Monday, June 18, 2007
Here at the dawgranch we have chickens. Though I don’t eat their eggs I do watch them go about their ceaseless search for and gobble of food. After several years of keeping them behind fence, the chicken keeper, Donna, has relaxed into allowing them free reign of the property, which has yet to come near being too little for their widest scavenges and they return to their roost at the same shade of twilight every evening, so the door to the coop hasn’t been shut for months. Now that they are free to roam as far from the rest as they feel safe, the entire characteristic of societal pecking order has disappeared owing to its obvious uselessness on the free range of the yard.

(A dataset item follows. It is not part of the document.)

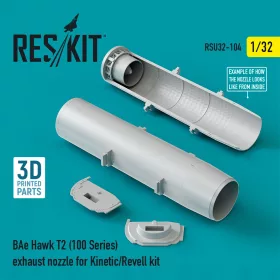   ResKit Models 1:32 BAe Hawk T2 (100 Series) exhaust nozzle for Kinetic/Revell kit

When I was in the first grade the only thing I remember lacking was the prestige of the third graders; in junior high, high-schoolers; as a private, corporals; as a freshman, seniors; as a junior engineer, senior engineers; as a seven handicapper, a scratch golfer. Once the space between stepping stones begins requiring reconsideration of ones commitment to youthful promises and affording the time for such meditation … one has pecked ones way far enough from the ratty status race to observe life without frantic expedience and to honestly look back at the clucking flock pecking the fucking clock and question the need for the security found within such company. That same point in accumulated experience has been popularly referred to as mid-life crisis, where the life choice can be to either take a revelationary journey inward and outward simultaneously in the stillness one may find there or to rededicate oneself to carrying that carrot stick until, if one lives so long, it is too heavy to do more than afford the rest of life in a doctor’s pocket.
I ate the carrot at the age of thirty-four in 1972 and haven’t had to do anything since — I have certainly gotten to do much more than I could have experienced back in the coop. Set your chickens free.